Every time we listen to the recording from that show (I so love that they're producing official ones now, the quality makes my heart sing), one of us is almost guaranteed to utter the "Our voices are in there." It's true, and it's beautiful, and I adore it, because it almost makes me feel like I'm there again (almost. You can't replicate that experience).

There is something so raw about his shows, even when he has a full band to back him. There is something so raw about watching him interact with this band that has been with him for so long, with the people who have taken up the mantle of those who were first with him, and with the crowd made up of original fans and those for whom a love of his music was passed down, and there is something raw about hearing him speak and watching him play and seeing how he holds the attention of an entire arena without even trying, without needing anything but himself to complete the show.

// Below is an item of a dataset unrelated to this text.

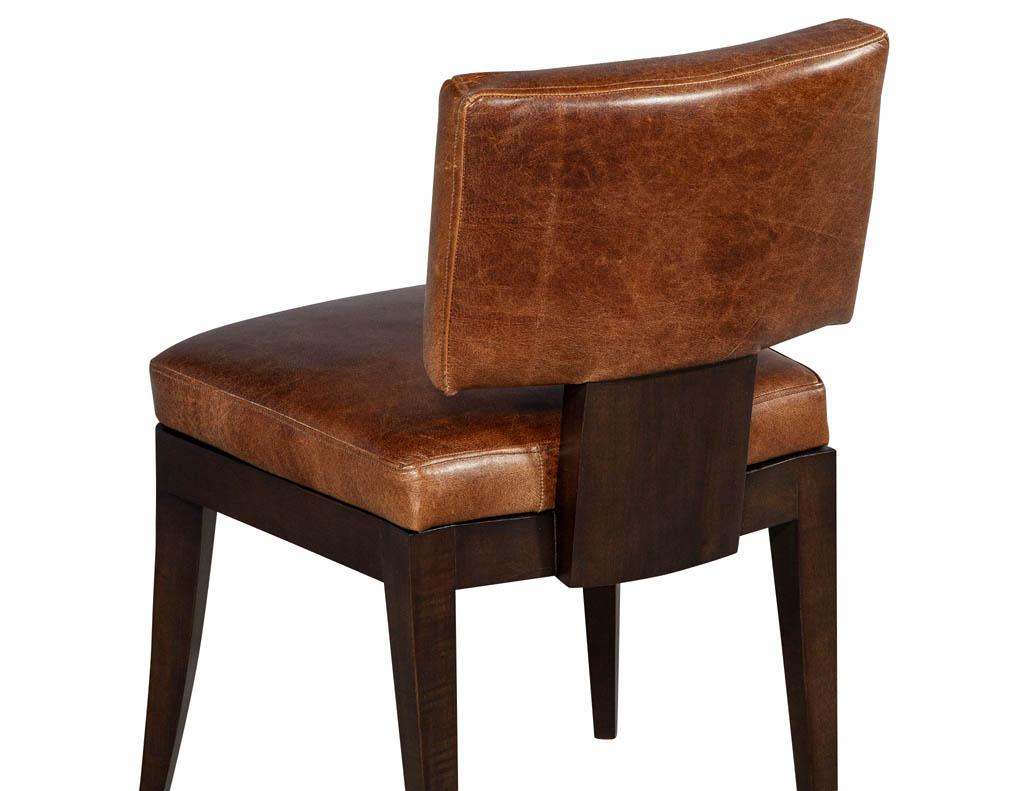 Contemporary Set of 10 Art Deco Inspired Leather Dining Chairs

He speaks to everyone in the room with every note he plays and every word he says, young and old alike, and it is an experience unlike any other. U2 came close, but they aren't the Boss. Nobody is the Boss but the Boss.

I love Taylor Swift. I do. I will always love Taylor Swift because she gave me someone to cling to when I didn’t really have anybody, but the Taylor Swift I love is the one who couldn't display anything but stunned disbelief and happiness when she won Album of the Year for Fearless, the one who made stupid video blogs and chased down fans on the street because they were wearing her t-shirts, the one who got me through so much.

I love her, but at this point in my life, I love Bruce Springsteen more.

Maybe it’s just that I grew up. Maybe it's that my crushes are few and far between now that I've developed some semblance of standards (thank you, every boy I've ever liked who's given me a reason to have them. You're saving me so much trouble now). 

Maybe it’s that I don’t look at things in the way that I used to, that she’s writing for an audience that doesn’t include me anymore, that I'm not who I was five years ago, and maybe it's all of those things. Either way, his music speaks to me in a way that hers no longer can. He writes about the human condition, not just the emotions of a teenage girl.

Those emotions are perfectly valid (you will never find me discounting the validity of the emotions of teenage girls, because enough people do that already and you guys need to stop because it's seriously not cool). They just don’t quite fit me. Not any longer. Not with enough regularity for it to matter.

I don’t reach for her music anymore. I skip her songs when they come on when I’m driving. I play Bruce Springsteen and the Killers and Mumford & Sons and Bear’s Den and Sheryl Crow on my guitar even though I taught myself to play off of Taylor Swift songs.

There is a time and place for her in my life, but it’s not every day.

Every day is reserved for Bruce and the Police and the Clash, for Bear’s Den and the Killers and Matthew Barber, for David Gray and Patty Griffin and U2. Every day is reserved for me belting out Thunder Road at the top of my lungs whenever I'm left alone, for how I get The River stuck in my head, for how Born To Run will always make me want to roll down my windows and just drive with no destination in mind.

I just don’t get it anymore where Taylor Swift is concerned, and that probably says more about me than it does about her, but maybe it says something about us both.